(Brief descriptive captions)
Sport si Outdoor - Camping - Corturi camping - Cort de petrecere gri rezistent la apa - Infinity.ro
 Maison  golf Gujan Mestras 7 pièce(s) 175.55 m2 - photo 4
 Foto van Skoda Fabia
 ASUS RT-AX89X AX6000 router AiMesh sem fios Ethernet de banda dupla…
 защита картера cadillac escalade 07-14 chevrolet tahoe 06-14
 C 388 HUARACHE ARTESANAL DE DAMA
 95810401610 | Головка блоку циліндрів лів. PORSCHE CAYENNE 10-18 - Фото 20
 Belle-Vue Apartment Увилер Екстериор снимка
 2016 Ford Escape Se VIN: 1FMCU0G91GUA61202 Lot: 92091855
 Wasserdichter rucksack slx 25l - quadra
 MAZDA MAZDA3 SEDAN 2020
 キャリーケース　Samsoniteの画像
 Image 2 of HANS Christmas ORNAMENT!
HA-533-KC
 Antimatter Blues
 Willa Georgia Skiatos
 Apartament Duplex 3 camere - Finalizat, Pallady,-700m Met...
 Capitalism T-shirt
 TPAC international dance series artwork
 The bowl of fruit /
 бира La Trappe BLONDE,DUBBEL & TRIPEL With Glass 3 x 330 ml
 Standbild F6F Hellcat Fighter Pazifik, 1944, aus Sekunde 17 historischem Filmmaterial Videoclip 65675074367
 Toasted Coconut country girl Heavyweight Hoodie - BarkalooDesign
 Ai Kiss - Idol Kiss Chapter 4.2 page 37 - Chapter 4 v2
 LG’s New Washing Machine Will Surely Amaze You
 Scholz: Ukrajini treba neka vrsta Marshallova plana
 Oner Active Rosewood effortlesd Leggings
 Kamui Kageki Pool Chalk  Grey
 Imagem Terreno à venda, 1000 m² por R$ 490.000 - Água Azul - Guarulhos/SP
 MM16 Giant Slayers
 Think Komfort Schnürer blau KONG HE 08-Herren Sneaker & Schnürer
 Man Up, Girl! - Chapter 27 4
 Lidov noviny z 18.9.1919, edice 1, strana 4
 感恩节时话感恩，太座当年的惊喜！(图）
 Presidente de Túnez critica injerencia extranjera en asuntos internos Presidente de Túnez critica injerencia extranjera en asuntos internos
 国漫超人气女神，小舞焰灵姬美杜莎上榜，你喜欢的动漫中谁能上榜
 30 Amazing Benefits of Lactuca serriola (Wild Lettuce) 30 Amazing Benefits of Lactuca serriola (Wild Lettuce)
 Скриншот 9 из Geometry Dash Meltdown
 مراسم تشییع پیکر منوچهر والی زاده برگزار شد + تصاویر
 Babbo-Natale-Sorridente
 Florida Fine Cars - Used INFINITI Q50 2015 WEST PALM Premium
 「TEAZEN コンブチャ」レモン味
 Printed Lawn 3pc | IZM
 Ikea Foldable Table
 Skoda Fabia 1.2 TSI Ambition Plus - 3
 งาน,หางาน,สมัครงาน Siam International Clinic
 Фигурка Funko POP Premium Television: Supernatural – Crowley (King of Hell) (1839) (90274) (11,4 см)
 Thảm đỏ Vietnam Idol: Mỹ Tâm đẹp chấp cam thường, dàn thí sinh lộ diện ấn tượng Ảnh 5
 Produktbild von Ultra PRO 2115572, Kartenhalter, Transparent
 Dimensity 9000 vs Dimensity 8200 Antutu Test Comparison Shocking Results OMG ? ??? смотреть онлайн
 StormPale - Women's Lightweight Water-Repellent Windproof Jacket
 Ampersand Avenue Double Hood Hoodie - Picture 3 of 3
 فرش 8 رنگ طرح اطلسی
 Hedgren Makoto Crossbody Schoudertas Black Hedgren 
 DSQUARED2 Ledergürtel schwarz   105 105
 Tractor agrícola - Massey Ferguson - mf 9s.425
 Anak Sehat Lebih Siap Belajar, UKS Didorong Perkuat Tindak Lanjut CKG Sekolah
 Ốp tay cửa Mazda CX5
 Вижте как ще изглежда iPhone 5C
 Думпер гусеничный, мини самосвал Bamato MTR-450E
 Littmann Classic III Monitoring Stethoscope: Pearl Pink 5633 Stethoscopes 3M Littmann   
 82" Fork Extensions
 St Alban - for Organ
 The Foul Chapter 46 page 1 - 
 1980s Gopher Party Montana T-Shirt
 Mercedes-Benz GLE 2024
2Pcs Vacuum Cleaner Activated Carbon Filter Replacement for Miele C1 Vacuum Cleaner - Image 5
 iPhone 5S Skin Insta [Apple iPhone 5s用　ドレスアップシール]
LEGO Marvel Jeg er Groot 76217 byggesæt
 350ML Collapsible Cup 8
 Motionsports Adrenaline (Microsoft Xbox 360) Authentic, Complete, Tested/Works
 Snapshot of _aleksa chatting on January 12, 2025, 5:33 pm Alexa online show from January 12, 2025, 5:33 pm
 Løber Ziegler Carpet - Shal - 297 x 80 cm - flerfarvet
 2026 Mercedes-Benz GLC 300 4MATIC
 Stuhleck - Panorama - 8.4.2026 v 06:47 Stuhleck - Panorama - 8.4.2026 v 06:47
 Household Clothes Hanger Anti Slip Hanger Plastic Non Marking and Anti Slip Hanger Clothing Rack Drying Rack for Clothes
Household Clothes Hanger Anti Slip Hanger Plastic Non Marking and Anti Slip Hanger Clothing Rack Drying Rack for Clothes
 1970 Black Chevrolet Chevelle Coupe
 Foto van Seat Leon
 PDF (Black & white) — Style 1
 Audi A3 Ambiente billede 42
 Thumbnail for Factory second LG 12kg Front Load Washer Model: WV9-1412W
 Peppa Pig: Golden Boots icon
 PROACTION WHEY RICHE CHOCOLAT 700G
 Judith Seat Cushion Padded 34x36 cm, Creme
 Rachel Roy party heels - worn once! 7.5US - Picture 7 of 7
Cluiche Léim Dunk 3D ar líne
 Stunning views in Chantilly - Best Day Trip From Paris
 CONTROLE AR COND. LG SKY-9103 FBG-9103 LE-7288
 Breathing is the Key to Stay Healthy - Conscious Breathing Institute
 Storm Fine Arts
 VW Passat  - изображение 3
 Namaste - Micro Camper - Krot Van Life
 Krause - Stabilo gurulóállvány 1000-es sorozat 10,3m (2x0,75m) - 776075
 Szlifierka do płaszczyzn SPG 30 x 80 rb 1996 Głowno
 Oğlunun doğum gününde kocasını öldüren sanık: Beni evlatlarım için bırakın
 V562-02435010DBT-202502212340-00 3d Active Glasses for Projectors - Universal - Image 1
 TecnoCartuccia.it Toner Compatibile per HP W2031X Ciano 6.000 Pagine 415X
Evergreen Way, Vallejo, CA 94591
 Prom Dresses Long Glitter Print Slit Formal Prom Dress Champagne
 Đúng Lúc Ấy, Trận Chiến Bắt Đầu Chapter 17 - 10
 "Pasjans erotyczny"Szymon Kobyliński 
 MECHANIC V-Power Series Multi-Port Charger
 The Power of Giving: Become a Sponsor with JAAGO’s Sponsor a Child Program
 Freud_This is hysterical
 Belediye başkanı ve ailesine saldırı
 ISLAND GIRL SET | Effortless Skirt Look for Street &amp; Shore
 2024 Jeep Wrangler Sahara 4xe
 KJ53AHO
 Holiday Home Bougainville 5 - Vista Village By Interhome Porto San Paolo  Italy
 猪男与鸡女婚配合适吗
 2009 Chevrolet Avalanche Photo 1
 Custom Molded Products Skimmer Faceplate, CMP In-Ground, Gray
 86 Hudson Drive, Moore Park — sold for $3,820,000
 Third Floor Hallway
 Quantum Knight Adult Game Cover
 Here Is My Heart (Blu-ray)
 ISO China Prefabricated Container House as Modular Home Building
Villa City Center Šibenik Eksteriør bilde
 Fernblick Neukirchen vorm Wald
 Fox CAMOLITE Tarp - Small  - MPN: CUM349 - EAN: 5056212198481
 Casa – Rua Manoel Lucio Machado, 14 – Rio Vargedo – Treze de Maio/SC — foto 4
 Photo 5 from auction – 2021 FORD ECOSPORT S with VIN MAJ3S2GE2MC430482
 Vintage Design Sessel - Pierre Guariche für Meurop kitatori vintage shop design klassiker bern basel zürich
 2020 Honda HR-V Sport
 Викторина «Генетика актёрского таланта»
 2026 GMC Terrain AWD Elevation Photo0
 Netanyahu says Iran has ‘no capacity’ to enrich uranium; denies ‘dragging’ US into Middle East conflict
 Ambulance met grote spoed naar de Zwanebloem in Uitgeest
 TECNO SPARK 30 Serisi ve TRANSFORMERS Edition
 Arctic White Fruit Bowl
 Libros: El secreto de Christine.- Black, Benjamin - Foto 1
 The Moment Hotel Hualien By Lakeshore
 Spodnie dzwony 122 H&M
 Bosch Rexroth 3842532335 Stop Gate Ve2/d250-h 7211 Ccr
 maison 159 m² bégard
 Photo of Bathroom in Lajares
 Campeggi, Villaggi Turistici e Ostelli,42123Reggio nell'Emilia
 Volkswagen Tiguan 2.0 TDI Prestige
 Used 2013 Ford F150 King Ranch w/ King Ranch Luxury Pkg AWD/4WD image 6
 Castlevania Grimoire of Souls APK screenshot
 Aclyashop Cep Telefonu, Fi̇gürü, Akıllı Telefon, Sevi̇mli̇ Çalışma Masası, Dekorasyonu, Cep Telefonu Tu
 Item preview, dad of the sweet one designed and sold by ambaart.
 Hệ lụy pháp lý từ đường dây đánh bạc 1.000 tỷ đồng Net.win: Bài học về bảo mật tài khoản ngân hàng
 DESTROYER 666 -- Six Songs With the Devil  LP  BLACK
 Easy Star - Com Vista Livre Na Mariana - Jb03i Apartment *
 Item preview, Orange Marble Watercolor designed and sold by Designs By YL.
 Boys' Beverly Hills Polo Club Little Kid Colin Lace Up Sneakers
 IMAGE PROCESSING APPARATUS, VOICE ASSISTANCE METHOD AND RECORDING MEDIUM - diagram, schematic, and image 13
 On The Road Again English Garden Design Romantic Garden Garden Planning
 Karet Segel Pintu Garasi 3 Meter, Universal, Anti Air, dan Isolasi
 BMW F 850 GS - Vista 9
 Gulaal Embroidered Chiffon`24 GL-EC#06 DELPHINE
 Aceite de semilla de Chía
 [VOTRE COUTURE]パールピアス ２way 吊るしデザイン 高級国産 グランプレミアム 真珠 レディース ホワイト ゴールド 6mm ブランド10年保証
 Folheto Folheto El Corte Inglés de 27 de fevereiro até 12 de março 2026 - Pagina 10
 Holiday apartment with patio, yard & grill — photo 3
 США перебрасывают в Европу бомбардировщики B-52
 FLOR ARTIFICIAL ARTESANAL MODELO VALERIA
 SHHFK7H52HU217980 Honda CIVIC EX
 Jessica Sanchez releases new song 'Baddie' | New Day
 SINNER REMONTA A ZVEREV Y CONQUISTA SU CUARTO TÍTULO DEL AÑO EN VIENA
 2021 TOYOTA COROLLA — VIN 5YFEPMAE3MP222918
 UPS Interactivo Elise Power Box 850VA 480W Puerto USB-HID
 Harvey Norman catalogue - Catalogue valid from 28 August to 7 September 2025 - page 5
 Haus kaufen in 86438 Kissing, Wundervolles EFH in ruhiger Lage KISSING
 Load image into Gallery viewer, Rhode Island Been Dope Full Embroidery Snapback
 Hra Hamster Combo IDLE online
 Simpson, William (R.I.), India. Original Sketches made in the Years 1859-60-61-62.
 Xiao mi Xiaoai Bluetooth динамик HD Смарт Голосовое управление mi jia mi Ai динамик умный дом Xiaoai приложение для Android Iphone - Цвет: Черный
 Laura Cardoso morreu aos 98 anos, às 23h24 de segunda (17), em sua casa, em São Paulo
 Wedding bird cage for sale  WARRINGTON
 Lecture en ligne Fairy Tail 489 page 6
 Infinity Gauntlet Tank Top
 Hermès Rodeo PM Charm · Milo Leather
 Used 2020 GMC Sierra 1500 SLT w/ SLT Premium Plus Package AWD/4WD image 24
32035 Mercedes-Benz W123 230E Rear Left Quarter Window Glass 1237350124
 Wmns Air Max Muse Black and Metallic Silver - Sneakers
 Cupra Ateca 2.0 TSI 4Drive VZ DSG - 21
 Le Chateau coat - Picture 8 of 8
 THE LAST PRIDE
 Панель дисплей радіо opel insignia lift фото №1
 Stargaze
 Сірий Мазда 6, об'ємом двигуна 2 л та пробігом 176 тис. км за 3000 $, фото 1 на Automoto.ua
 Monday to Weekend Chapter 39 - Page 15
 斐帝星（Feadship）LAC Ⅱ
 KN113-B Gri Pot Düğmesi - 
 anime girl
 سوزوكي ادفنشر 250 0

[Task objective]:
Lines from the start of the entries through the one containing "Printed Lawn 3pc | IZM" are to be set down again exactly, both ends included.

[Answer space]:
Sport si Outdoor - Camping - Corturi camping - Cort de petrecere gri rezistent la apa - Infinity.ro
 Maison  golf Gujan Mestras 7 pièce(s) 175.55 m2 - photo 4
 Foto van Skoda Fabia
 ASUS RT-AX89X AX6000 router AiMesh sem fios Ethernet de banda dupla…
 защита картера cadillac escalade 07-14 chevrolet tahoe 06-14
 C 388 HUARACHE ARTESANAL DE DAMA
 95810401610 | Головка блоку циліндрів лів. PORSCHE CAYENNE 10-18 - Фото 20
 Belle-Vue Apartment Увилер Екстериор снимка
 2016 Ford Escape Se VIN: 1FMCU0G91GUA61202 Lot: 92091855
 Wasserdichter rucksack slx 25l - quadra
 MAZDA MAZDA3 SEDAN 2020
 キャリーケース　Samsoniteの画像
 Image 2 of HANS Christmas ORNAMENT!
HA-533-KC
 Antimatter Blues
 Willa Georgia Skiatos
 Apartament Duplex 3 camere - Finalizat, Pallady,-700m Met...
 Capitalism T-shirt
 TPAC international dance series artwork
 The bowl of fruit /
 бира La Trappe BLONDE,DUBBEL & TRIPEL With Glass 3 x 330 ml
 Standbild F6F Hellcat Fighter Pazifik, 1944, aus Sekunde 17 historischem Filmmaterial Videoclip 65675074367
 Toasted Coconut country girl Heavyweight Hoodie - BarkalooDesign
 Ai Kiss - Idol Kiss Chapter 4.2 page 37 - Chapter 4 v2
 LG’s New Washing Machine Will Surely Amaze You
 Scholz: Ukrajini treba neka vrsta Marshallova plana
 Oner Active Rosewood effortlesd Leggings
 Kamui Kageki Pool Chalk  Grey
 Imagem Terreno à venda, 1000 m² por R$ 490.000 - Água Azul - Guarulhos/SP
 MM16 Giant Slayers
 Think Komfort Schnürer blau KONG HE 08-Herren Sneaker & Schnürer
 Man Up, Girl! - Chapter 27 4
 Lidov noviny z 18.9.1919, edice 1, strana 4
 感恩节时话感恩，太座当年的惊喜！(图）
 Presidente de Túnez critica injerencia extranjera en asuntos internos Presidente de Túnez critica injerencia extranjera en asuntos internos
 国漫超人气女神，小舞焰灵姬美杜莎上榜，你喜欢的动漫中谁能上榜
 30 Amazing Benefits of Lactuca serriola (Wild Lettuce) 30 Amazing Benefits of Lactuca serriola (Wild Lettuce)
 Скриншот 9 из Geometry Dash Meltdown
 مراسم تشییع پیکر منوچهر والی زاده برگزار شد + تصاویر
 Babbo-Natale-Sorridente
 Florida Fine Cars - Used INFINITI Q50 2015 WEST PALM Premium
 「TEAZEN コンブチャ」レモン味
 Printed Lawn 3pc | IZM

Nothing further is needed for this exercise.